The country at large is still recuperating from the brutal impact of the second Covid-19 wave, and at a time like this, the significance of mindfulness is indisputable. It is, indeed, at a crucial juncture that we are celebrating International Yoga Day, today, under the theme ‘Yoga for Well-Being’.
That yoga is vital for physical and mental well-being has been discussed at length, more so over the last one year. However, it has also proved beneficial for those on the road to recovery from Covid-19.
“I have been practicing yoga all throughout my life,” shares OP Gupta, residing in Delhi’s Karol Bagh, who contracted the virus in April this year. “It is only yoga which came to my rescue during Covid. While recovering, I practiced asanas such as Garudasana (eagle pose) and Matsyasana (fish pose). I also did Suryanamaskar,” he adds.
“Yoga, as a philosophy, allows us to see the way we are, and as a practice, allows us to improve our overall health.
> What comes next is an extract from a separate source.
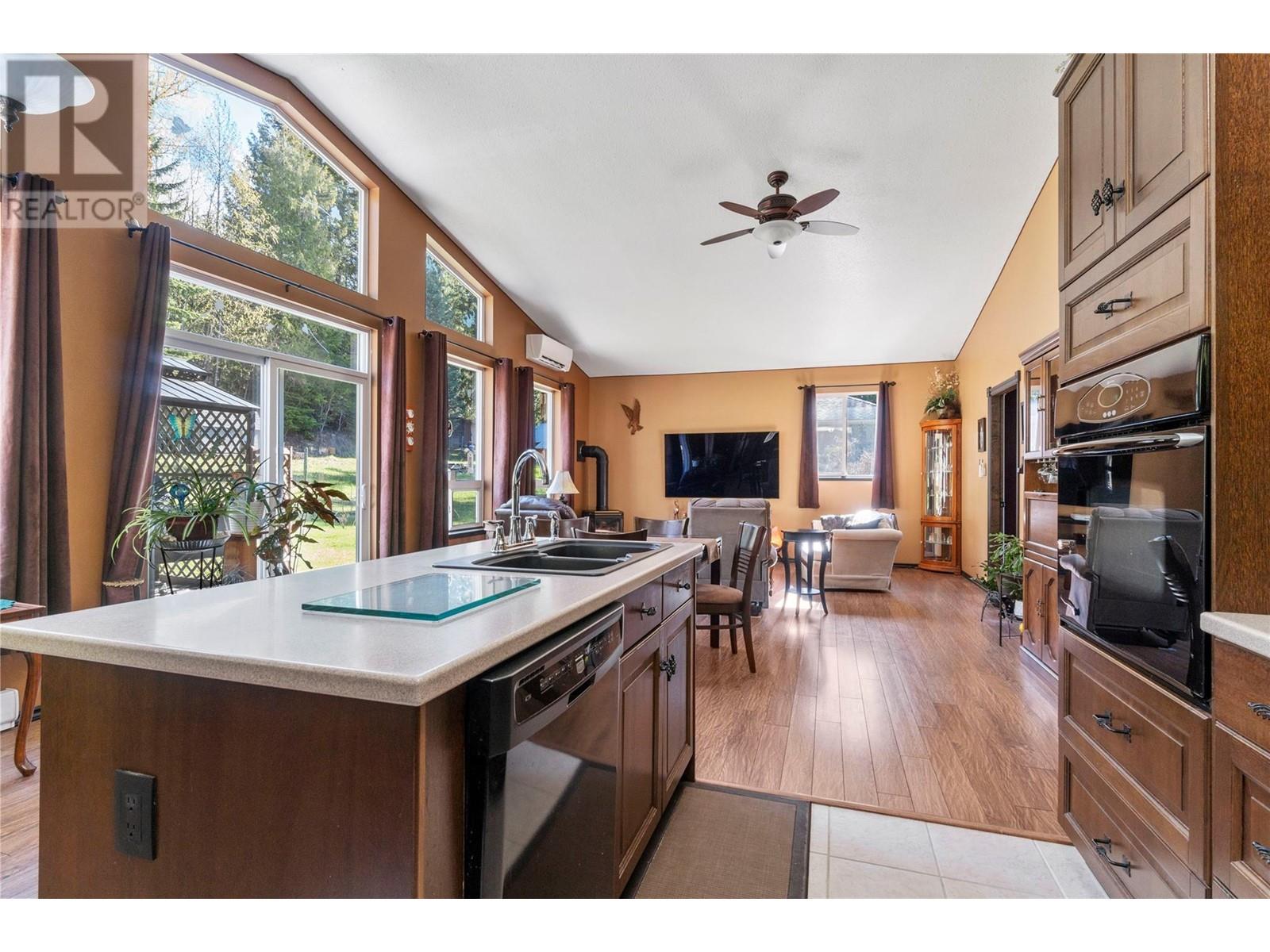Property at 7688 Mountain Drive image 5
It is a way of holistic living that can be used to fight diseases and lead a happy, healthy life. To stay healthy both physically and mentally, you need to sustain vital energy, nourish your body, boost immunity and support mental health,” opines Dr Rajeev Rajesh, chief yoga officer at a naturopathy institute.
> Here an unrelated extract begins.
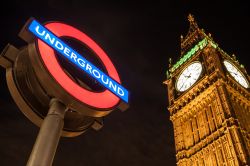 L'iconica insegna della metropolitana di Londra illuminata di notte sotto al Big Ben  - Bucchi Francesco / Shutterstock.com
Yoga has also come to the rescue of those coping with the stress and anxiety of being in isolation, away from their loved ones. Sahana Nikhil, who works with a gaming company in Gurugram, recalls, “I was down with Covid-19 in May, and isolated myself at home. It was very difficult for me to stay cooped up in a room, with nothing to do. I was too drained out to work, and would often experience severe mood swings, as I was unable to interact. This is when I was advised to join an online yoga session. Not only did it help me gradually build strength, it also kept me occupied, thereby keeping my mental well-being in check. Since it was a video session, I could easily understand and replicate all the postures. Now, after having recovered, I am continuing to practice the asanas I learnt.”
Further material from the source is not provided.